1. Field of the Invention
The present invention relates to a dry etching apparatus used in the manufacture of semiconductor devices, and more particularly, to a two parallel plate electrode type dry etching apparatus using microwaves.
2. Description of the Related Art
A dry (plasma) etching apparatus has been broadly used in obtaining a fine structure of semiconductor devices. Particularly, when use is made of microwaves, the isotropic etching characteristic is excellent, the energy of ions can be arbitrarily controlled, and a fine structure having a large aspect ratio can be obtained.
In a prior art dry etching apparatus (see: JP-A-SHO56-155535), microwaves generated in a microwave oscillator are supplied along a waveguide through a microwave introduction window into a plasma generating chamber, to thereby excite plasma. Then, the excited plasma is supplied from the plasma generating chamber via a plasma intake window into a substrate processing chamber, to thereby etch a semiconductor substrate. This will be explained in detail later.
In the above-mentioned prior art dry etching apparatus, however, since a region where the excited plasma is uniform is limited by the size of the microwave introduction window and the size of the plasma intake window, the etching rate is not uniform, particularly in a large size semiconductor substrate such as an 8 inch (20.3 cm) wafer.
In order to make the etching rate for a large size semiconductor substrate uniform, one suggested approach may be to enlarge the microwave introduction window as well as the plasma intake window; however, this approach is actually impossible, since the size of the microwave introduction window is determined by the wavelength of the microwaves. That is, in the plasma generating chamber, the microwaves are distributed in accordance with the intensity thereof, and the density distribution of the excited plasma is also dependent upon the distribution of the microwaves. Also, in this prior art dry etching apparatus, in order to define the spread of the excited plasma in the lateral direction to thereby make the density of the excited plasma uniform, a large electromagnet is provided to apply a magnetic field to the excited plasma, which is disadvantageous in size.

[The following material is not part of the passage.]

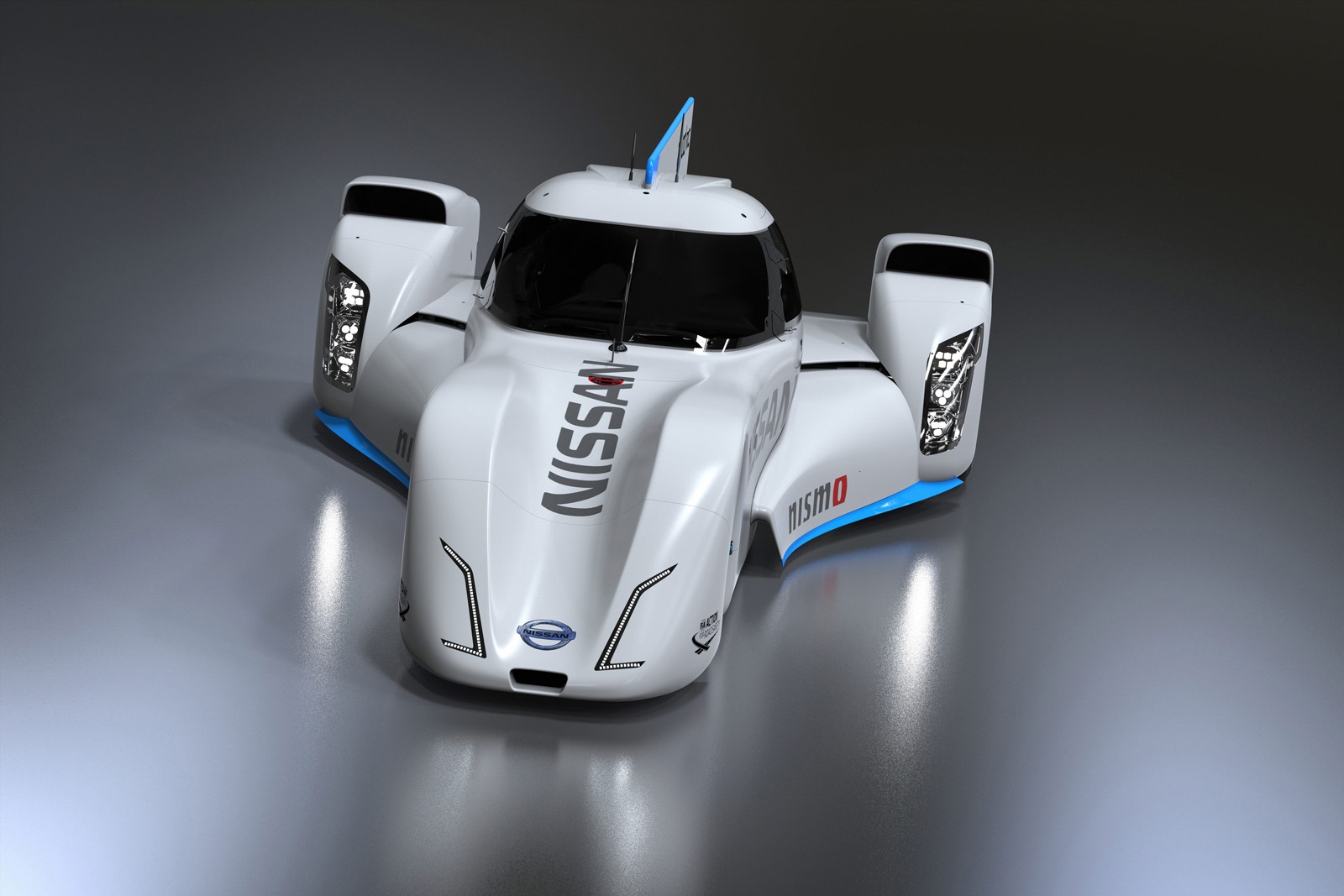 [Nissan-ZEOD-RC-3%255B3%255D.jpg]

In another prior art dry etching apparatus, where two parallel plate electrodes are provided within a plasma generating chamber which also has mounted thereon a semiconductor substrate to be etched, the uniformity of density of excited plasma is controlled by the pressure thereof. Also in this type of dry etching apparatus, however, it is actually impossible to make the etching rate in a large size semiconductor substrate uniform. In order to effectively make the density of the excited plasma uniform, a plurality of holes are provided in a grounded electrode, and the number of the holes is controlled mechanically by a value mechanism to control all of the excited plasma supplied to the semiconductor substrate (see: JP-A-HEI1-165122). In this prior art dry etching apparatus, however, the flow of the excited plasma is not uniform, so that a time lag is required until the density of the excited plasma becomes stable, and also, it is disadvantageous to mechanically control the value mechanism.